Die Deutschen können viel. Flughäfen können sie nicht. Das freilich führen sie sehr eindrucksvoll vor, nicht nur mit ihrer Skandalbaustelle in Berlin, sondern auch in der Provinz. Im Hunsrück, einem Mittelgebirge fern der Metropolen, liegt der frühere US-Militärflughafen Hahn. Nach Ende des Kalten Krieges erbte ihn Rheinland-Pfalz und nahm sich vor, dort mit zivilen Zwecken das große Geld zu machen. Man nannte die einsame Landebahn keck Frankfurt-Hahn, obwohl die Metropole Hessens 125 kurvenreiche Kilometer entfernt liegt. So sorgte man für Schocks bei ahnungslosen Briten, die mit Ryanair um 20 Pfund anreisten und dann Hunderte Euro für eine Taxifahrt ins Zentrum zahlten. Was den lauschigen Airport etwas in Verruf brachte. Vielleicht auch deshalb fliegt die irische Airline, die als einzige stark auf ihn gesetzt hat, nun lieber echte Flughäfen wie Köln an. Kein Hahn kräht mehr nach Hahn. Die Passagierzahlen brechen ein, Bilanzen färben sich rot, die Regierung in Mainz muss Geld zuschießen. Seit Jahren versucht sie, ihr Sorgenkind loszuwerden.

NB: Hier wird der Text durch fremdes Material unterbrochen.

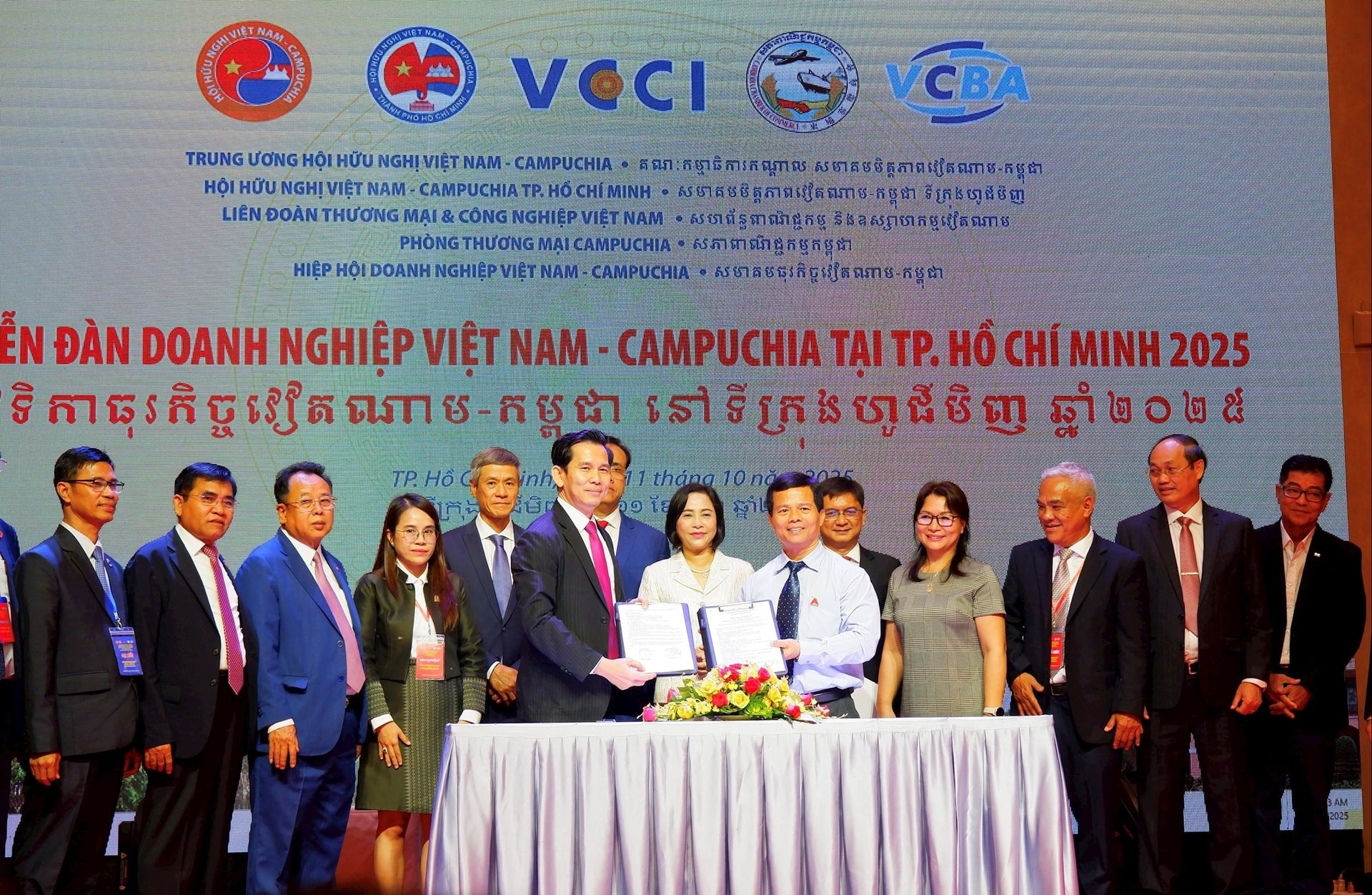 Lễ ký kết Biên bản ghi nhớ hợp tác giữa doanh nghiệp Việt Nam và doanh nghiệp Campuchia tại Diễn đàn Doanh nghiệp Việt Nam - Campuchia, ngày 11/10/2025 tại Thành phố Hồ Chí Minh. (Ảnh: Báo Đại biểu nhân dân) Lễ ký kết Biên bản ghi nhớ hợp tác giữa doanh nghiệp Việt Nam và doanh nghiệp Campuchia tại Diễn đàn Doanh nghiệp Việt Nam - Campuchia, ngày 11/10/2025 tại Thành phố Hồ Chí Minh. (Ảnh: Báo Đại biểu nhân dân)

Zuletzt meldeten sich drei chinesische Interessenten. Einer bot nur einen symbolischen Euro – ein Affront! Da gefiel die Shanghai Yiqian Trading schon besser. Hinter ihr stehe „Chinas führende Bauunternehmen“, versprach die Firma. Ministerpräsidentin Malu Dreyer sah „keinen Grund, an der Seriosität des Käufers zu zweifeln“, hatten doch die Wirtschaftsprüfer von KPMG ihn durchleuchtet und empfohlen. Nur blöd, dass er jetzt nicht zahlt. Ein wenig Geduld, Peking müsse den Deal noch genehmigen, beruhigten die Chinesen.

Dafür wollten die Deutschen Belege. Die dafür gesetzte Frist ist am Mittwoch verstrichen. Es ist also Verdacht am Platz. Genauer recherchiert haben Journalisten. Der ARD-Korrespondent in Shanghai hörte sich um und fand niemanden, der die beiden Firmen kannte. Seltsam. Ein Lokalaugenschein beim Käufer führte den Reporter zu einem schäbigen Minibüro mit vielen Pappkartons, aber ohne Firmenschild. Sein SWR-Kollege knöpfte sich den angeblichen Baugiganten vor. An der Adresse von Guo Qing fand er einen Reifenhändler, der ihn mit der Frage empfing: „Na, sind Sie auch ein geprellter Anleger?“

Zu ihm kommen nämlich oft Leute wegen dieser Briefkastenfirma mit gleicher Adresse, die Online-Investoren um ihre Ersparnisse bringt. Die sind dann sehr wütend und gehen anschließend zur Polizei. Das sollte das rot-grün-gelbe Kabinett jetzt vielleicht auch tun. Ein schwacher Trost für Landesmutter Dreyer: Schon ihr Vorgänger, Kurt Beck, ging beim Nürburgring einem US-Milliardär DuPond auf den Leim – falscher Name, falsche Schecks. Jetzt heißt es, schnell echte Käufer für Hahn finden. Sonst kommt noch jemand auf die Idee, in der Pfalz hätte der Pflanz ein leichtes Spiel.